The chromatographic conditions were a flow rate of 250 μL/min, injection volume 10 μL, column Kinetex XB-C18 100 × 2.1 mm 2.6 μm Phenomenex at 30 °C temperature, and as mobile phase A: H2O 0.1% H-COOH and B: ACN 0.1% H-COOH. The employed gradient was as follows: starting with 98% A and 2% B, in 2 min was changed to 92% A and 8% B. Then, at 12 min it was modified to 80% A and 20% B. In one minute, it was changed to 70% A and 30% B and in another minute, it was changed to 0% A and 100% B. For the three following minutes these conditions were maintained, changing in one minute to the initial conditions, which were maintained for another 7 min.

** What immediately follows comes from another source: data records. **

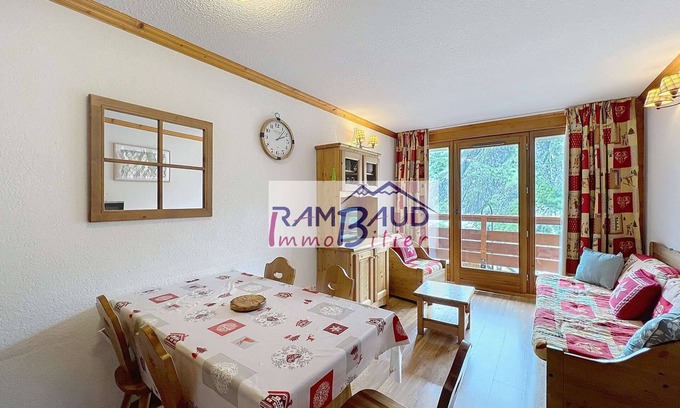 Valloire Apartment | 3 room apartment - Swimming pool - Near ski slope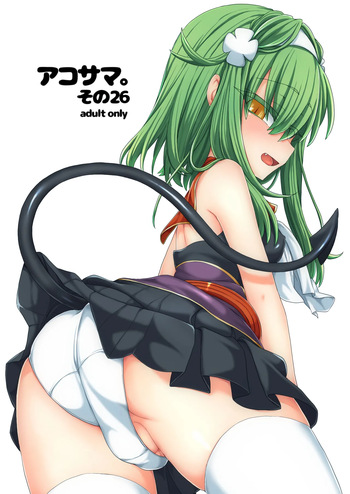 [Shima Hitsuji (Unazuki)] AkoSama. Sono 26 (Shinrabansho) [Digital] cover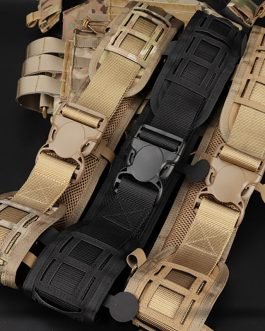 Tactical Belt For Molle System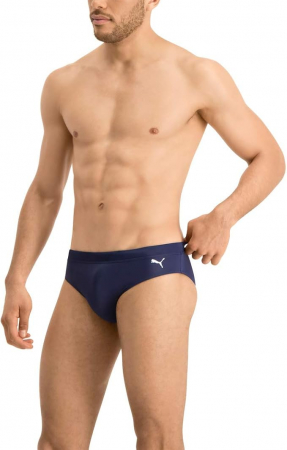 Slip de înot clasic pentru bărbați Puma, bleumarin, S [3]
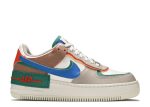 Wmns Air Force 1 Shadow ‘Sail Signal Blue Green’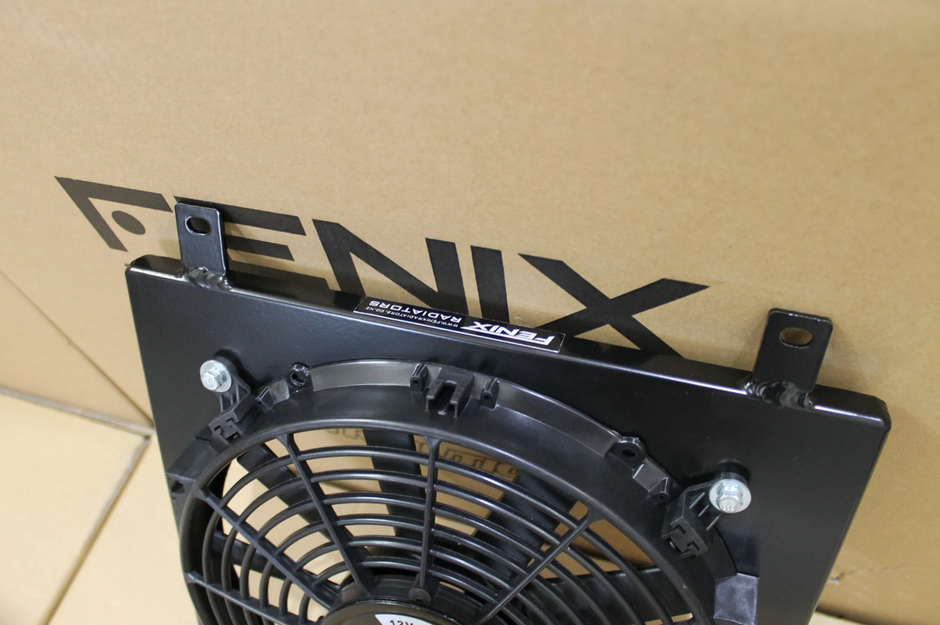 FENIX Honda EG-EK Civic Fan Shroud & Fans Stealth Series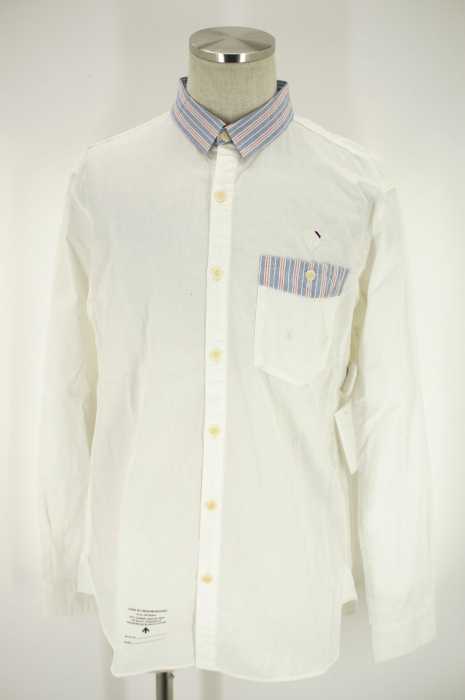 LUKER BY NEIGHBORHOOD （ルーカーバイネイバーフッド） STRIPE / C-SHIRT . LS シャツ メンズ トップス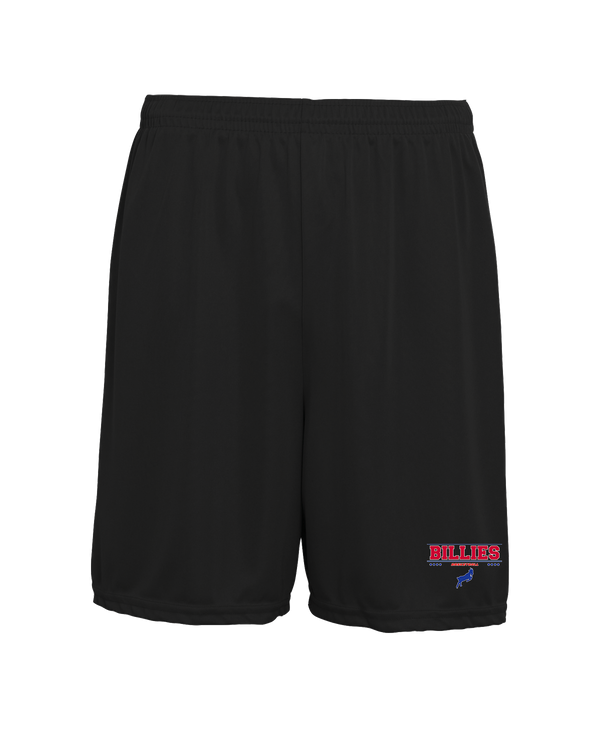 Williamsville South HS Boys Basketball Border - 7 inch Training Shorts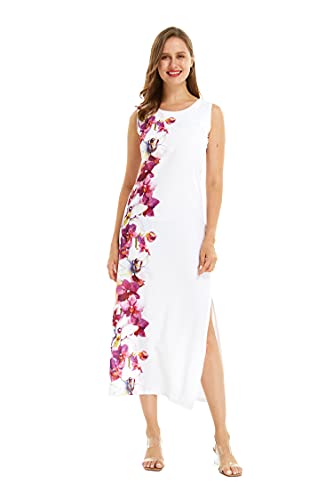 Women Maxi Tank Side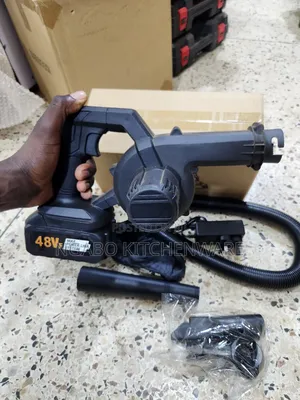 Cordless Leaf Blower And Vaccum Cleaner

For the mass conditions a negative ESI was used with a mass range between 50 and 500, the gas temperature was 210 °C and the sheath gas temperature was 350 °C, the sheath gas flow was 11L/min, the drying gas was 13 L/min, and the nebulizer pressure was 35psi. The VCap value was set at 4000 V and the fragmentor at 130 V.

Total phenolic content

The total phenolic content was determined according to the Folin-Ciocalteu method based on a procedure described by Medina-Remón et al.29. Total polyphenols were expressed as mg Gallic Acid Equivalent (GAE) per litre of sample (mg GAE/L).

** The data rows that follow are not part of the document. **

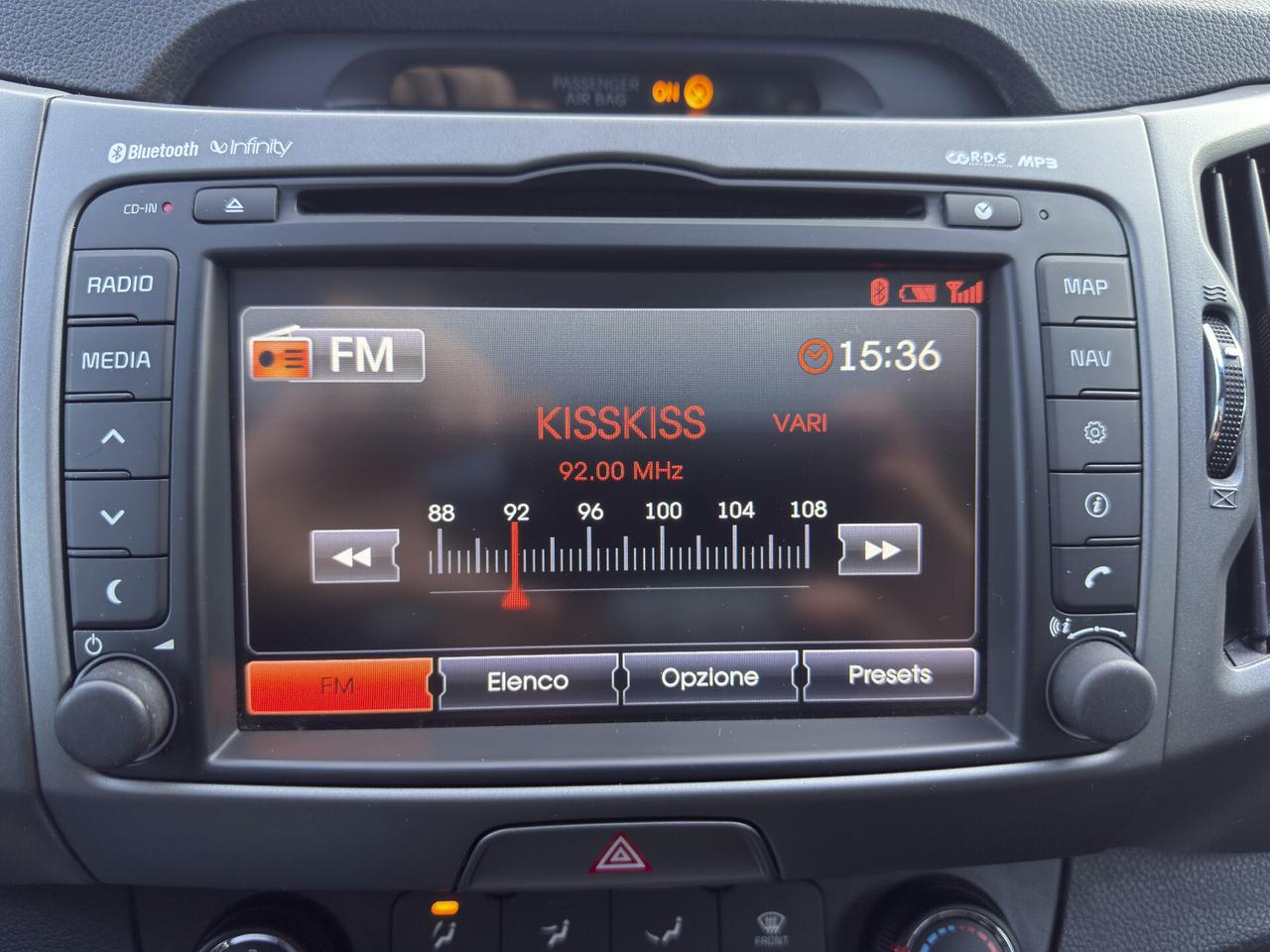 Kia Sportage 1.7 CRDI 2WD Cool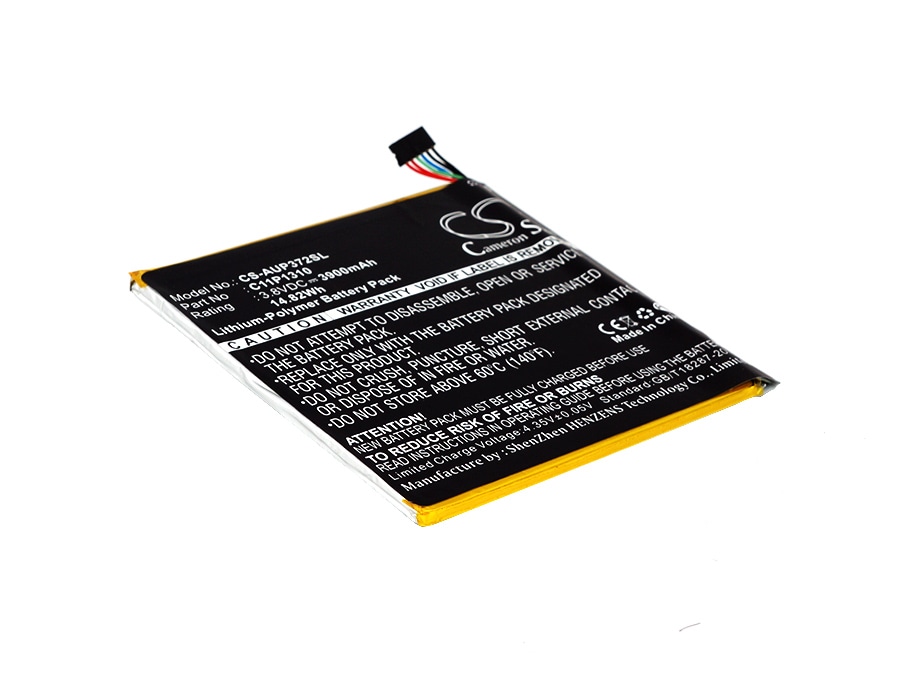 Batteri til tablet til Asus Fonepad 7, Padfone 7, Me372CG
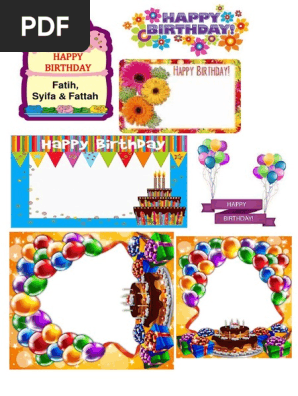 Birthday Card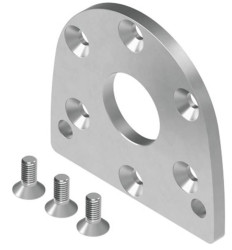 Kołnierz otwór: 12mm Festo do Napędy półobrotowe serii DRVS DAMF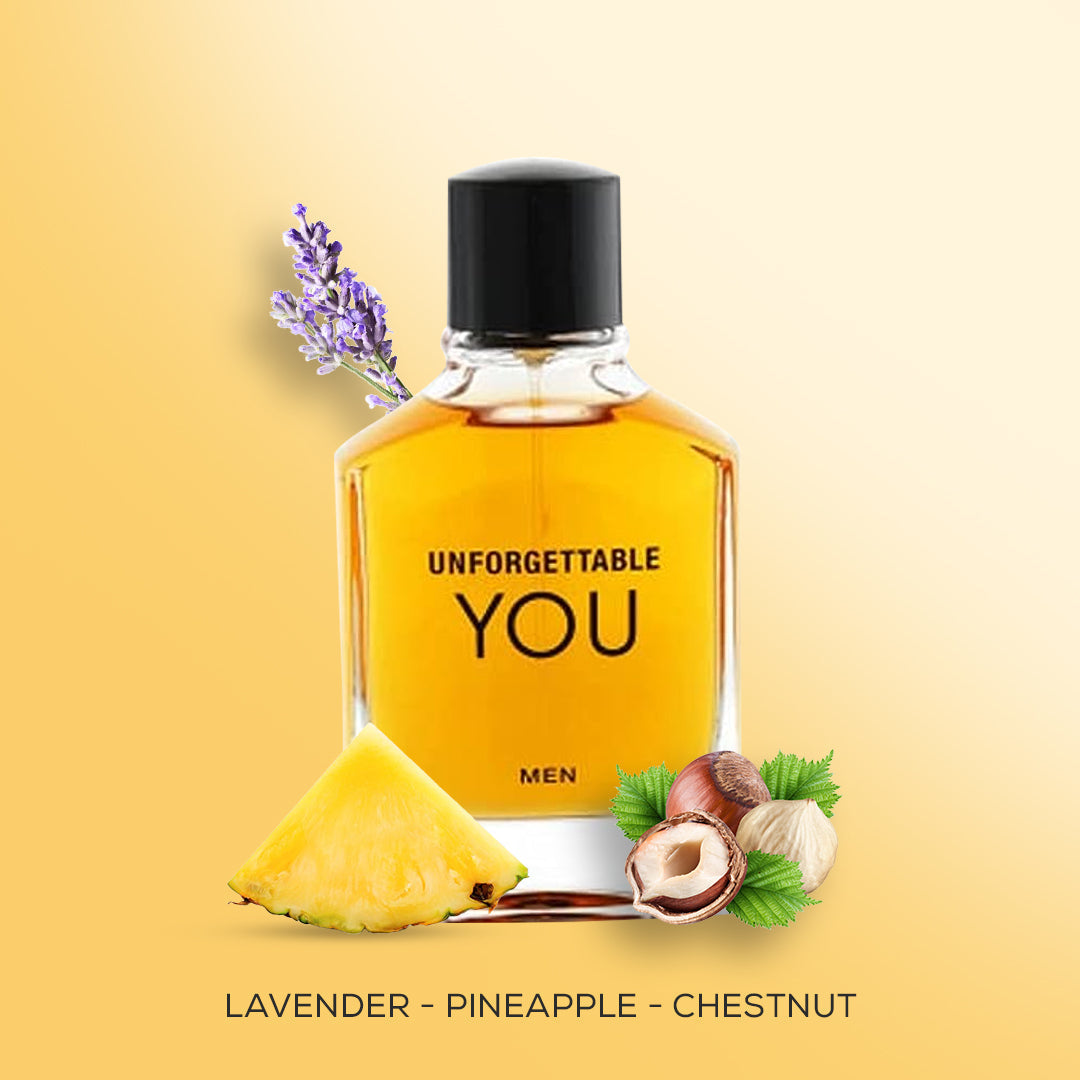 Unforgettable You for Men By Lorientale Fragrances Eau de Toilette 3.4 oz
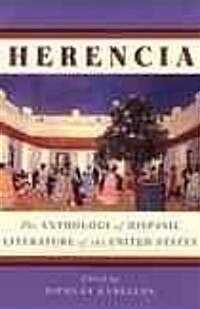 Herencia: The Anthology of Hispanic Literature of the United States (Hardcover)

Antioxidant activity by oxygen radical absorbance capacity (ORAC fluorescein) assay

The original method of Ou et al.30 was modified as follows by Dávalos et al.31. The reaction was carried out in 75 mM phosphate buffer (pH 7.4), and the final reaction mixture was 200 µL. The mixture of antioxidant and fluorescein was preincubated for 15 min at 37 °C. AAPH (2,20-Azobis (2-methylpropionamidine) dihydrochloride) solution was added. The plate was placed in the reader and the fluorescence recorded every minute for 120 min (excitation wavelength 485 nm, emission wavelength 520 nm). The plate was automatically agitated prior each reading. A blank using phosphate buffer instead of the antioxidant solution and eight calibration solutions using Trolox as antioxidant were also carried out in each assay. Results were calculated on the basis of the differences in areas under the fluorescein decay curve between the blank and the sample, and were expressed as mmol of Trolox Equivalents/L extract (mmol TE/L).

Elastase inhibitory assay

The elastase inhibitory activities of extracts were determined according to the method of Azmi et al.7 with some modifications via human neutrophil elastase (HNE) hydrolysis of a chromogenic substrate, N-methoxysuccinyl-Ala-Ala-Pro-Val-p-nitroanilide (MAAPVN) at 25 °C in a 96-well plate format. A 25 μL elastase, 100 μL of 0.1 M Tris–HCl (pH 7.5) with 0.5 M sodium chloride and 50 μL of sample were mixed and incubated for 10 min at 25 °C. Then, 25 μL of substrate solution was added and incubated for 60 min at 25 °C7. The reaction was monitored by recording the absorbance at 410 nm every minute and inhibition rate was calculated as follows:

$${\text{Inhibition rate }}\left( \% \right) \, = [{1} - \left( {{\text{C}} - {\text{D}}} \right)/\left( {{\text{A}} - {\text{B}}} \right)]\cdot{1}00$$

where A indicates the absorbance at 410 nm without a test sample after incubation, B indicates the absorbance at 410 nm without a test sample before incubation, C indicates the absorbance at 410 nm with a test sample after incubation, and D indicates the absorbance at 410 nm with a test sample before incubation. Epigallocatechin gallate was used as a positive control.